Ryan tries to keep reminding himself it’s what he has to do to get back on the team, that the suffering through extra physics now will pay off when his grade is up and he’s back on the court.

It only half works.

Ryan had concluded shortly after he’d left Mr. Bennett’s class earlier that day that he’d never met anyone named Shane Madej in his life - the name didn’t sound familiar, and he doubts anyone that he associates with are any of the best physics students in the school.

When he enters Room 19, there’s only one person there, and he’s sitting by himself in one of the desks, his head bent over a massive textbook, and he’s definitely not anyone Ryan’s ever spoken to, maybe not any student he’s ever seen before. Ryan wouldn’t label himself as popular or any irrelevant shit like that, but there’s a certain amount of attention you get when you help lead your team to the state championships, and there’s a lot of people who say hi to him and give him high -fives in the hallway, so many that Ryan barely even makes eye contact with all of them after awhile. 

But Ryan’s pretty sure this kid isn’t someone who cares to acknowledge his contributions to their school’s basketball prowess. 

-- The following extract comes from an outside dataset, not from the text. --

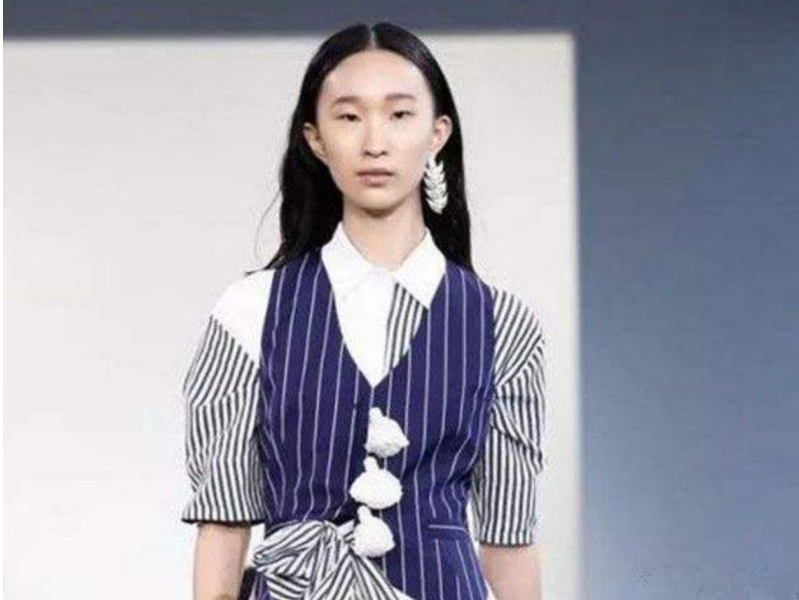 有种颜值叫林永健“女儿”，国人嫌她丑，外国人却觉她得漂亮？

First off, he’s tall; Ryan can tell even though he’s sitting down that he’s easily over six feet - his legs are stretched out so far in front of him they hit the front of Mr. Bennett’s desk. He’s wearing an orange plaid shirt and glasses, and Ryan is pretty sure that the neon green t-shirt he’s wearing underneath has the periodic table on it.

“Uh, sorry I’m late,” Ryan says, awkwardly standing by the door and tapping his fist against the door frame. Shane doesn’t even look up at him. “Had to stop by practice and talk to my coach.”

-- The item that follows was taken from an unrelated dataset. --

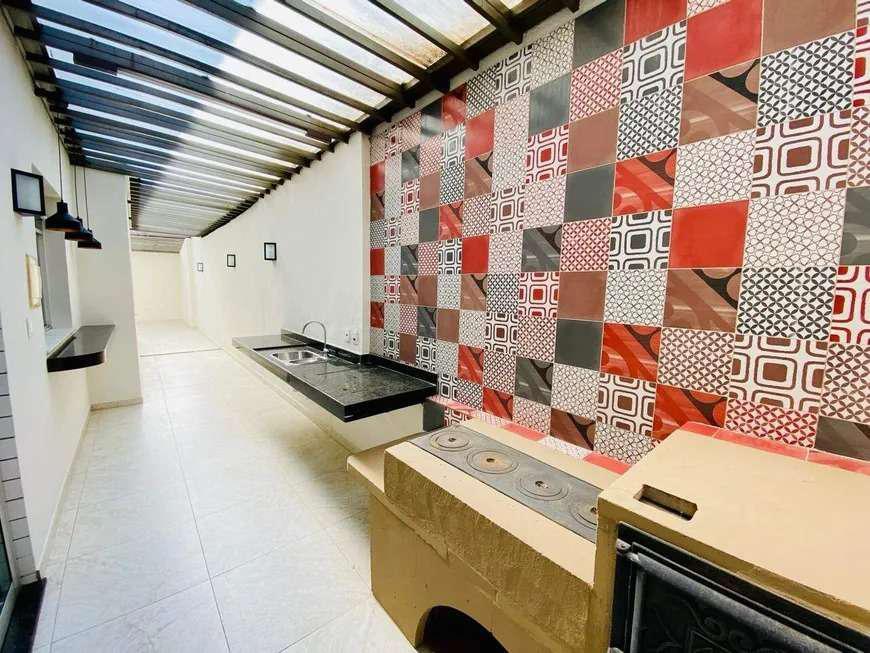 Apartamento, Liberdade, 3 Quartos, 2 Vagas, 1 Suíte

Shane shrugs, turning a page with long fingers. “No problem, it’s not my physics’ grade.”

Ryan pauses, not sure if Shane is being an asshole or just stating the (unfortunate) obvious. He doesn’t look phased or bothered, still hasn’t even looked up from his textbook, so Ryan figures it’s the latter and stays still for another second before moving and sitting down at the lab table next to him.

Shane still doesn’t look up – one of his legs is bouncing up and down so insistently that it’s jostling the desk, and he keeps on making these sounds like he’s agreeing with what he’s reading. 

Ryan has another moment to wonder what the hell planet this kid was dropped off from when he finally starts speaking. 

“I don’t charge for tutoring. The administration thinks I should, and Mr. Bennett thinks I should, but the Internet says it’s weird to have friends pay you for helping them, and my mom thinks I shouldn’t charge people at school anything, even though she says I could be working a job in a coffee shop or a grocery store instead and earning some money, but I don’t think I would be very good at those jobs, so I won’t charge you.”

“Friends?” Ryan asks, because he definitely doesn’t remember meeting this guy ever, and he definitely doesn’t think their interaction so far is the beginning of a blossoming friendship.

“I don’t have friends, but my mom thinks I could have friends, and she says having them give me money won’t help me make any, because apparently she thinks that ship hasn’t sailed. So I don’t charge for tutoring.”

“Okay,” Ryan says, because he’s not sure what else there is to say. 

“So Newton’s Laws of Motion - that’s what your first exam was on, right?” He doesn’t even wait for Ryan to answer. “Sir Isaac Newton gave us three laws of motion. The first states how objects in motion tend to stay in motion, and objects at rest stay at rest unless acted upon by a force. The second law states that force equals mass times acceleration. The third states that for every action, there is an equal and opposite reaction. All together, they describe the relationship between a body and the forces that act upon it.” Shane finally looks up, and they make eye contact for the first time. His eyes look huge behind his glasses; they’re two sizes too big for his face. “Who in this school would you most like to have sex with?”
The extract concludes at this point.